Please note all photos for this instructable were taken after I had finished the modifications so you will have to look closely at the parts you have after disassembly of the battery box and compare them to the images supplied here before modifying anything.
I would also recommend reading each step fully (several times) and only proceed if you understand what is being said. i.e. don't drill, cut, solder anything until you are confident you fully understand the step.
Also all usual disclaimers apply, I take no responsibility for you breaking your (probably dead anyway) Pleo RB, burning your house down, injuring yourself etc. etc......
This instructable should only be attempted by people who are capable of using (and old enough to safely use) a Soldering Iron, and Electric Drill.
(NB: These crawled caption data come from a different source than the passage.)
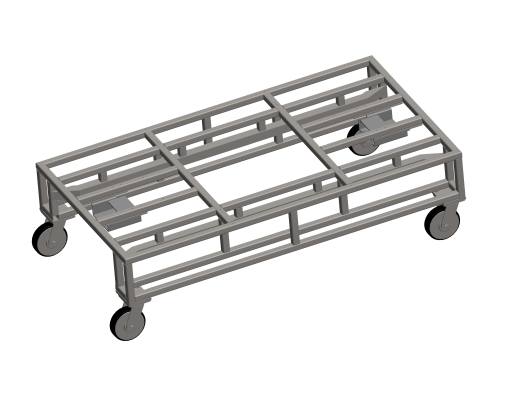 双向料车线边机构缩略图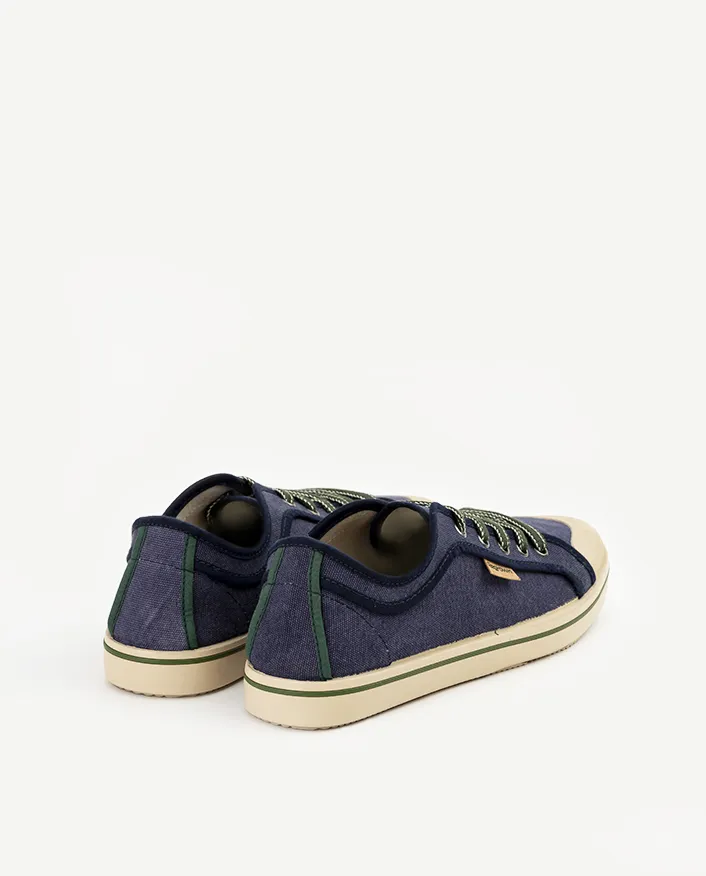 Sneakers casual - BAOBAB AZULES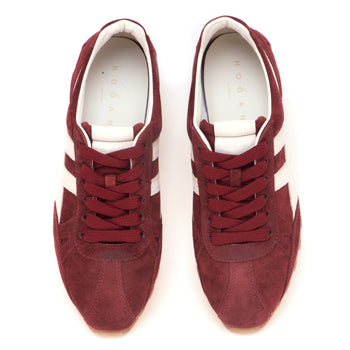 Sneaker Hogan 86er in camoscio - 5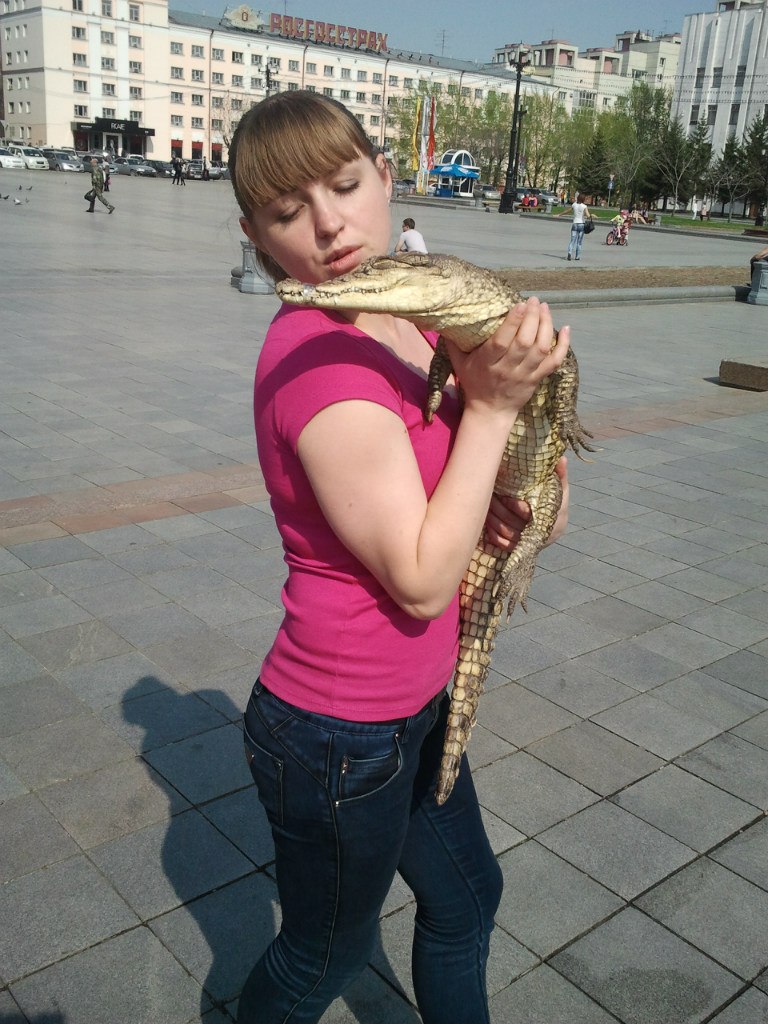 Елизавета Кучабская | Краснодар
If you need help ask an adult to help you rather than destroying your beloved Pleo RB, Pleo RB's were not cheap (Originally) however I found mine on eBay for less than £30! Albeit with a dead battery, other than this and following these modifications it is 100% fully functional :-)
P.S. this instructable would almost certainly apply to an Ugobe Pleo as well as Pleo RB however the battery internals on Ugobe's original Pleo are different as it is not a Lithium battery but a Nicad battery, this will mean that the references to the BMS board in this instructable will refer to the connection board (housing the required thermistor) other than this I would expect everything else would be identical. (same PSU requirement, same battery disassembly steps etc.)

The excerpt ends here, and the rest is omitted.